29. I am unable to accept the contention of the learned Senior counsel appearing for the respondents 1 to 11. Admittedly, the order of CLB does not disclose any such points being canvassed before the respondents, while passing the orders on 20.06.2011, 01.06.2011 and 30.06.2011, which is impugned in this appeal. Therefore, in the absence any contention raised before the CLB regarding the maintainability of the petition filed by the appellant, it is not open to them to raise at this stage.
30. Even assuming that they raised the said issue regarding locus standi before the CLB and that was not reflected in the order, even then the argument of the learned Senior counsel for the respondent cannot be accepted.
31. In the judgment reported in Vol.59 Com. case 548 in the case of Life Insurance Corporation Limited and others vs.Escorts Limited and another, the Hon'ble Supreme court relied upon the judgment rendered in AIR 1951 SC 41: 21 Comp Cas 33 in the case of Charanjit Lal Chowdhury vs. Union of India and incorporated the same as follows:-
'The petitioner as a shareholder has undoubtedly an interest in the company. His interest is represented by the share he holds and the share is a movable property according to the Indian Companies Act, with all the incidence of such property attached to it. Ordinarily, he is entitled to enjoy the income arising from the shares in the shape of dividends; the share like any other marketable commodity can be sold or transferred by way of mortgage or pledge. The holding of the share in his name gives him the right to vote at the election of the Directors and thereby take a part, though indirectly, in the management of the company's affairs. If the majority of shareholders sides with him, he can have a resolution passed which would be binding on the company, and lastly, he can institute proceedings for the winding up of the company which may result in a distribution of the net assets among the shareholders.'
32. The Hon'ble Supreme Court further observed at page No.671 as follows:-
'On an overall view of the several statutory provisions and judicial precedents to which we have referred, we find that a shareholder has an undoubted interest in a company, an interest which is represented by his shareholding. Share is movable property, with all the attributes of such property. The rights of a shareholder are (i)to elect Directors and thus to participate in the management through them; (ii)to vote on resolutions at meetings of the company; (iii)to enjoy the profits of the company in the shape of dividends; (iv)to apply to the court for relief in the case of oppression;(v)to apply to the court for relief in the case of mismanagement;(vi)to apply the court for winding up of the company; (vii)to share in the surplus on winding up.

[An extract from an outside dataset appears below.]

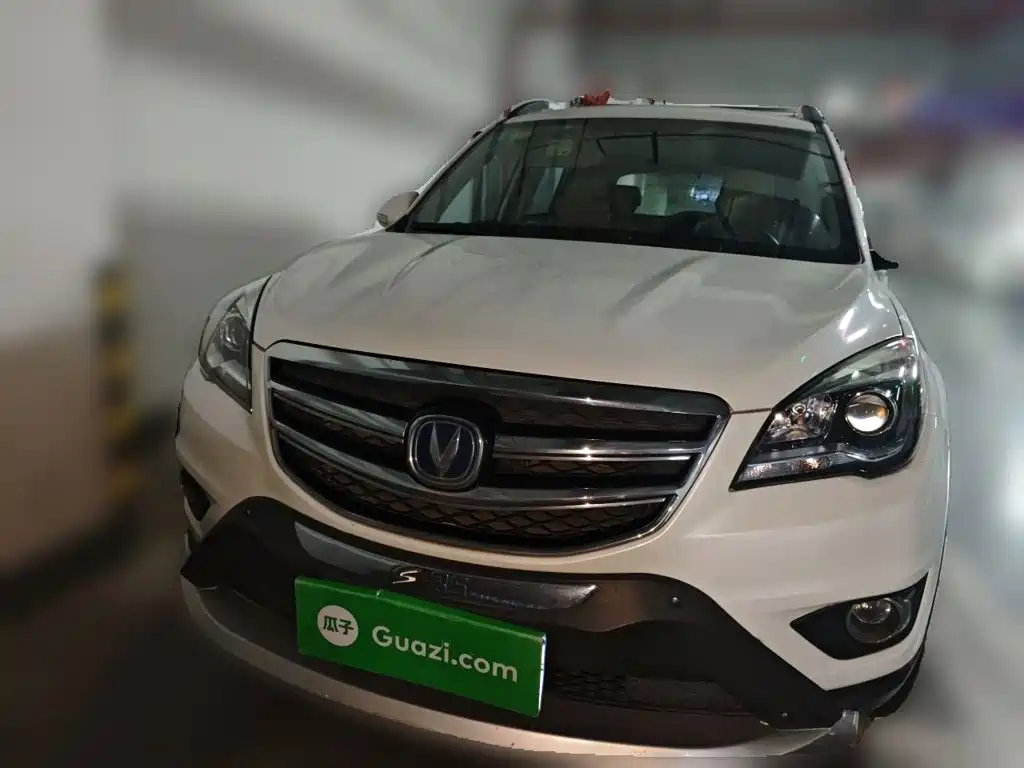 Changan CS35 — миниатюра 2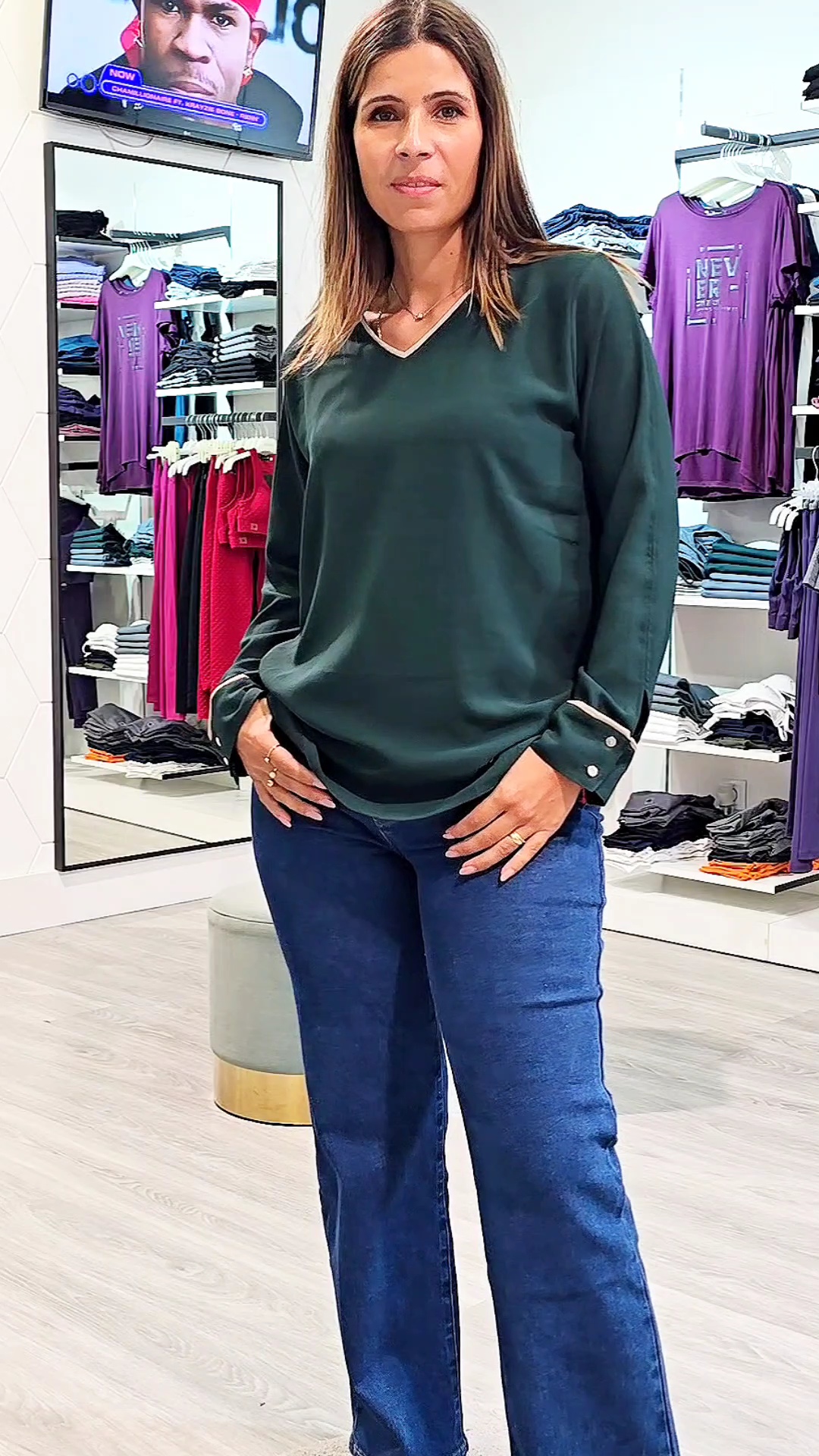https://bo.aruak.pt/FileUploads/produtos/mulher/blusa/inshot_20250926_2105465009.jpg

Therefore, from the law laid down by the Hon'ble Supreme Court, the shareholder has got right to apply to the court in the case of oppression mismanagement.
33. As stated supra, the appellant purchased the shares from LIG on 19.03.2001 and the same was also accepted by the Joint Venture Company and the shares were also transfered in the name of the appellant Company and the appellant Company's name was also entered in the register of members of the Joint Venture Company.
34. Further, as rightly submitted by the learned Senior counsel appearing for the appellant, in the meeting held on 10.01.2011, the Joint Venture Company admitted that the appellant is the Joint Venture partner of the Joint Venture Company and sent a letter to change the financial year and that was accepted by the Joint Venture Company. If the appellant has no locus standi to interfere with the management of the Joint Venture Company, why the appellant has been described as 'Joint Venture partner' of the Joint Venture Company in the Board Resolution, dated 10.01.2011 and why the request of the appellant to change the financial year was accepted by the Joint Venture Company and there is no answer to such questions. Therefore, I hold that the appellant has locus standi to file the petition before the CLB.
35. Admittedly, the appellant Company is the subsidiary Company of SSL, which was acquired by RB and therefore, the appellant Company became the subsidiary of RB. It is seen from the Board Resolution, dated 02.05.2011, the nominees of SSL were appointed as its Directors in the Board of Directors and the Joint Venture Company also considered the appellant as one of the Joint Venture parter and also accepted the change of financial year, as suggested by the appellant Company.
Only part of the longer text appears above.